Orca Acoustics: Ocean Sounds Lofoten

In July 2020, I joined a team of researchers working for Ocean Sounds, an organisation which investigates the vocalisations made by various species of cetaceans and looks into the impacts of underwater noise pollution on marine mammals. Under the guidance of lead researcher Ellyne Hamran (US), we were working out of the port of Moskenes in the Lofoten archipelago in northern Norway. The main focus of the current project were orcas and more specifically one particular pod (identified as "AC") that appears to frequent the southern shores of the island.

The story has now been published on Business Insider:

Every day - if weather conditions allowed - we would head out on the waves to find, study and film the whales: at the surface, from the air and underwater. Using a strict observation protocol so as not to interfere with their behaviour, our research boat would follow the killer whales to document their behaviour and - under favourable conditions - lower a hydrophone into the water to record the vocalisations. This type of research allows to correlate certain types of behaviour to specific vocalisations (a range of clicks, calls and whistles) made by the orcas.

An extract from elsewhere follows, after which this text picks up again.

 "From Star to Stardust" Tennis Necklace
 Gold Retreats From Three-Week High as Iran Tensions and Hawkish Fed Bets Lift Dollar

The studies by Ocean Sounds also clearly demonstrate how noise pollution from boat traffic and other sources interferes with the behaviour of marine mammals in the region, including orcas. This year has seen the occurence of a series of a relatively large number of strandings of cetaceans such as sperm whales and orcas in northern Norway. In the absence of thorough autopsies and fully detailed information these remain unexplained. However, extreme noise pollution resulting from seismic testing in preparation for drilling for oil and gas as well as the use of sonar for naval exercise has been known to cause lethal harm to cetaceans, including orcas and could be related to this year's events.